__What the exercise asks__:
Give the line containing "Silky Terrier Witch Magnet (Front)" again, exactly, along with all later lines of the entries, through the last one.

__Entries provided__:
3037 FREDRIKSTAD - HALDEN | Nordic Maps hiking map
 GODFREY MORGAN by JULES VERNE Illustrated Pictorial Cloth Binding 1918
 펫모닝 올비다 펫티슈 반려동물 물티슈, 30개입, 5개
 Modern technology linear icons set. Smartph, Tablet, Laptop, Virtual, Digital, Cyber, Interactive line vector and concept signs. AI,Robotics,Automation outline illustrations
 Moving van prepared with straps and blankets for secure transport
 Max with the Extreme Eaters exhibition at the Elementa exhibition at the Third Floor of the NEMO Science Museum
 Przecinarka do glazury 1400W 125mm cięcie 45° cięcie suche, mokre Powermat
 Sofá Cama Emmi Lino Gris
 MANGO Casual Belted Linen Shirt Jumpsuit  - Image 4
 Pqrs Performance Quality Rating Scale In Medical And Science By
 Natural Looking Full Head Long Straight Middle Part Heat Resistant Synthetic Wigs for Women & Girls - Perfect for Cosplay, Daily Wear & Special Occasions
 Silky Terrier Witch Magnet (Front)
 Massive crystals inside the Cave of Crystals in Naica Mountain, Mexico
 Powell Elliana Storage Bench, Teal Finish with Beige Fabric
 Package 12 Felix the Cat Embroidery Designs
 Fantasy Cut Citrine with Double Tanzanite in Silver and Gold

__Answer to this task__:
 Silky Terrier Witch Magnet (Front)
 Massive crystals inside the Cave of Crystals in Naica Mountain, Mexico
 Powell Elliana Storage Bench, Teal Finish with Beige Fabric
 Package 12 Felix the Cat Embroidery Designs
 Fantasy Cut Citrine with Double Tanzanite in Silver and Gold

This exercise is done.